Ainda as
Indulgências!
Reacção
da IEPP ao Jubileu 2000
(Deverá
“clicar” nas referências bíblicas, para ter acesso aos textos)
Perante a publicação da Bula de Proclamação do Grande Jubileu do
Ano 2000 - Incarnationis mysterium
-, a Comissão Executiva (C.E.) da Igreja Evangélica Presbiteriana de Portugal
(IEPP), reunida no dia dezasseis de Janeiro de 1999, na sua sede sinodal, vem
manifestar a sua preocupação pelas implicações teológicas e as repercussões
ecuménicas deste documento.
Num breve comunicado como este, dirigida à família presbiteriana e
ao público em geral, a C.E. da IEPP entende não haver lugar para a análise
exaustiva do texto papal, nem sequer a referência a alguns pontos com os quais
nos identificamos enquanto cristãos protestantes.
Não podemos, no entanto, deixar de manifestar a nossa surpresa e
perplexidade perante um texto que apresenta, salutarmente, uma certa
preocupação ecuménica mas, simultaneamente, inclui alguns temas que,
infelizmente, continuam a marcar as razões que ditaram a separação entre a
Igreja de Roma e outras Igrejas Cristãs oriundas da Reforma do século XVI e
mesmo em séculos anteriores, entre as quais a questão de Maria como Mãe da
Igreja, a figura e o ministério do Papa como sucessor de Pedro, e a concessão
de indulgências para vivos e para mortos.

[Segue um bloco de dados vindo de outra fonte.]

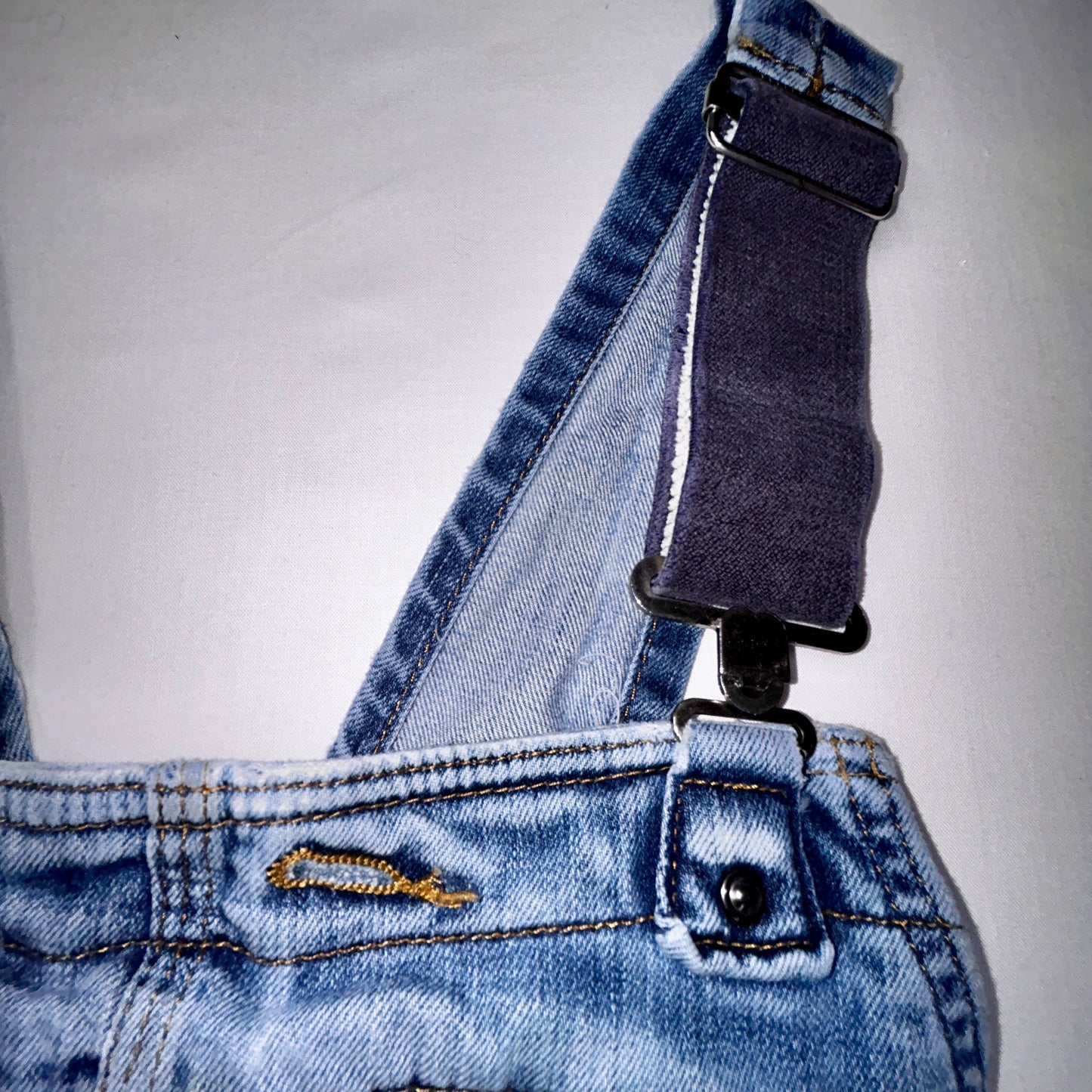 Carhartt Bib Overalls Men's 44x30 Light Wash Denim Carpenter Workwear Y2K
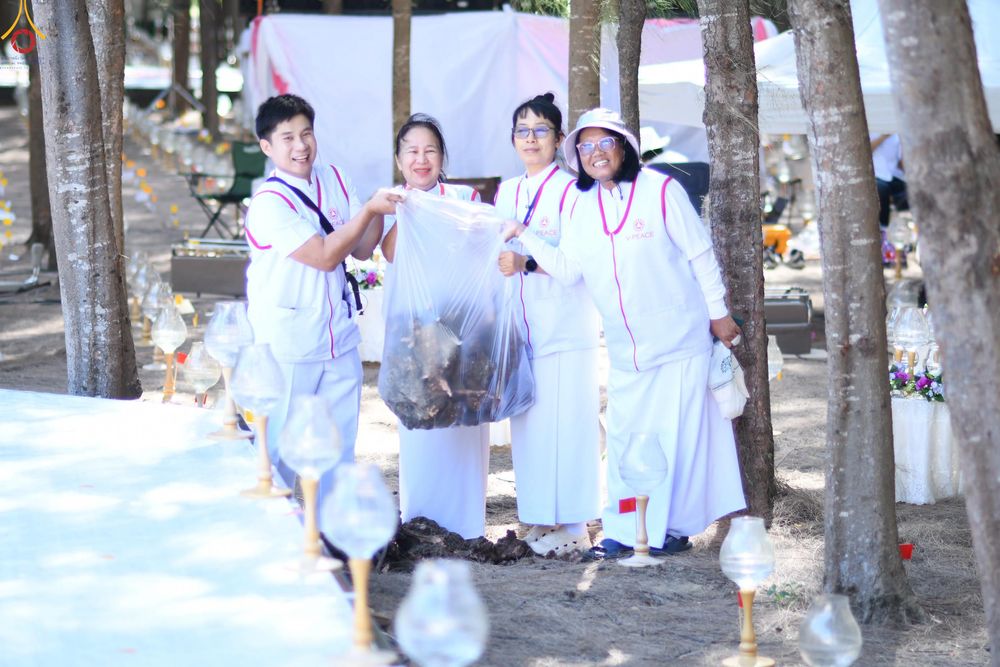 ภาพ No.301394:ภาพเบื้องหลังอาสาสมัครรวมใจ ชุดที่ 4 ในโครงการธรรมยาตรา กตัญญูบูชา มหาปูชนียาจารย์ พระมงคลเทพมุนี(สด จนฺทสโร) พระผู้ปราบมาร อนุสรณ์สถาน 7 แห่ง ปีที่ 14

Como é ainda possível a Igreja Católica Romana convidar os outros
cristãos para um caminho no qual a totalidade do perdão divino só é possível
pela concessão de indulgências? Com que intenção somos convidados a fazer a
peregrinação às Basílicas Patriarcais, de Roma ou de outros lugares, aos
Santuários Marianos ou a passar pelas Portas Santas (cuja santidade ignoramos
de onde provém ou por quem foi estabelecida), sabendo-se que estes são alguns
dos pontos que histórica, doutrinal e eclesialmente
mais têm dividido os cristãos ao longo do tempo?
É certo que o diálogo ecuménico tem de ser feito com verdade e na
verdade.
Porém, não é menos certo que essa verdade não só se apresenta
hierarquizada, como deve ser sempre acompanhada do amor e da oportunidade que
lhe são inerentes. Ou será que está na mente do papa, e da cúria romana, fazer
com que o Jubileu do ano 2000 seja para nós, cristãos reformados, o ano do
esquecimento e da retractação dos grandes princípios dessa mesma Reforma, nos
quais se incluem a doutrina da justificação pela fé, o perdão gratuito de Deus
em Cristo e a autoridade suprema das Escrituras?

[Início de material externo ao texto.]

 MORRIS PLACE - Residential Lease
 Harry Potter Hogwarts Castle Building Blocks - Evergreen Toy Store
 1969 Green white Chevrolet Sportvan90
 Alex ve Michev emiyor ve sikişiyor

Ou a palavra de Deus é mentirosa ou as indulgências não passam de
uma fraude.
Porque Cristo se nos ofereceu no Evangelho na plenitude dos bens
celestes, com todos os seus méritos, toda a sua justiça, sabedoria e graça, sem
excepção alguma. Assim se exprimiu João Calvino contra a prática das
indulgências no seu tempo (Institutas III, 5, 5), seguindo os passos iniciados
por Martinho Lutero.
Fazendo nossas as palavras destes Reformadores, e ainda que nos
nossos dias, e no documento em análise, não esteja em causa o comércio das
indulgências como existiu no passado, a C.E. da IEPP não pode deixar de manifestar
o seu mais vivo repúdio por tudo que possa relacionar-se com a chamada
“teologia dos méritos” segundo a qual ainda se encoraja a participação humana a
completar o ministério salvífico de Jesus Cristo e se põe em causa a
graciosidade e a eficácia total do perdão de Deus, fazendo com que algumas das
penas dividas ao pecado sejam apagadas, total ou parcialmente, por meio de
algumas orações, peregrinações a santuários específicos ou pela renúncia,
durante um dia, ao tabaco ou ao álcool.
“Pela graça sois salvos, por meio da fé; e isto não vem de vós; é
dom de Deus. Não vem das obras para que ninguém se glorie.” Efésios 2:8/9
A C.E. rende graças a Deus por a IEPP ter sido uma pioneira do
diálogo, acção e testemunho ecuménicos no nosso país, muito antes da realização
do Concílio Vaticano II. Membro do Conselho Mundial de Igrejas, da Conferência
das Igrejas Europeias, fundadora do Conselho Português de Igrejas Cristãs
(COPIC) e do Centro Ecuménico Reconciliação, abrindo as portas do seu Seminário
de Teologia não só a estudantes, mas também a professores e directores oriundos
de diversas Igrejas, a IEPP tem estado, e assim quer continuar, na primeira
linha de todas as iniciativas de carácter ecuménico que se vêm desenvolvendo em
Portugal. Este é o seu modo de ser e estar na sociedade que pretende servir.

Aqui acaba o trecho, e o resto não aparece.